### Directions
Where a picture shows up in the listing below, omit it and output the rest exactly.

### Given information
= = = = =
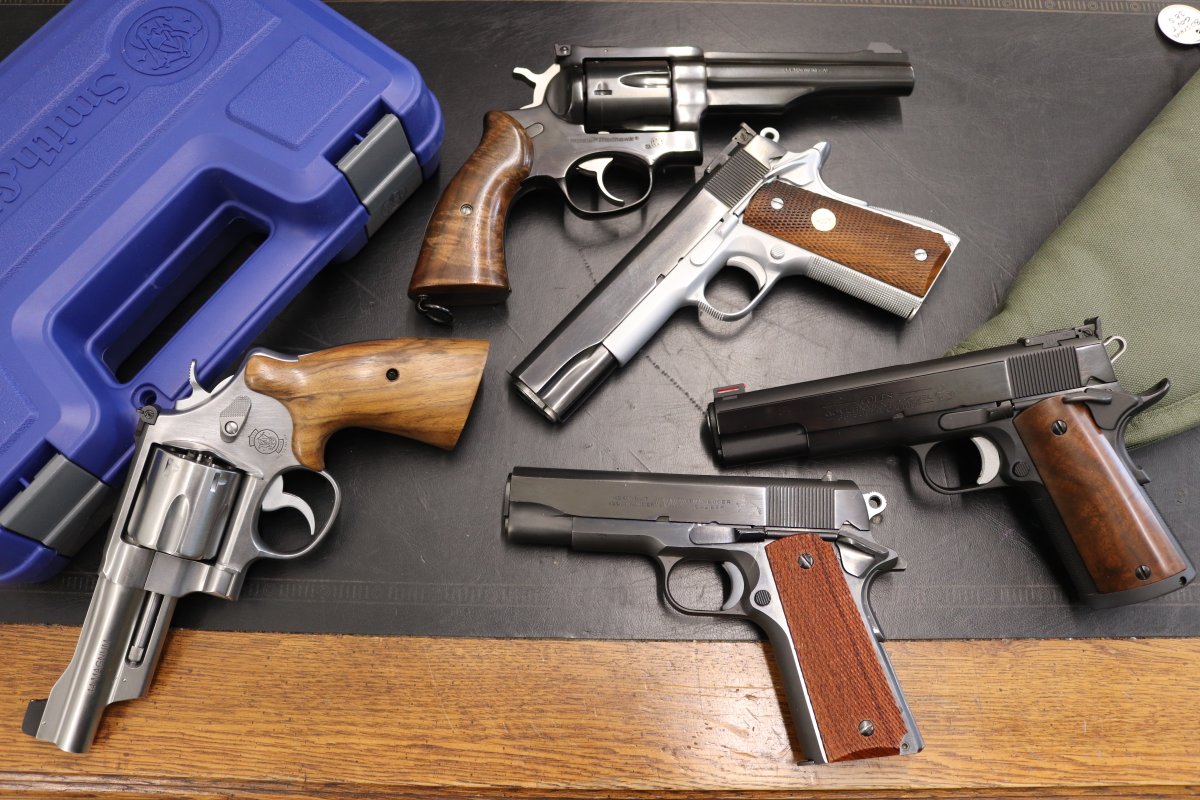KGBCustom's tweet image. Latest Arrivals,

Subscribe to our email list for first notice of drops! kgbcustomsllc.com

#COLT #CUSTOM1911 #TEDYOST #38SUPER #HAMILTONBOWEN #MOUNTAINGUN #RUGER #SMITHANDWESSON #CLASSIC #RUGER #44MAGNUM #45ACP #COLT1911 #9MM #LINKINBIO #KGBCUSTOM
= = = = =
### Solution for this task
KGBCustom's tweet image. Latest Arrivals,

Subscribe to our email list for first notice of drops! kgbcustomsllc.com

#COLT #CUSTOM1911 #TEDYOST #38SUPER #HAMILTONBOWEN #MOUNTAINGUN #RUGER #SMITHANDWESSON #CLASSIC #RUGER #44MAGNUM #45ACP #COLT1911 #9MM #LINKINBIO #KGBCUSTOM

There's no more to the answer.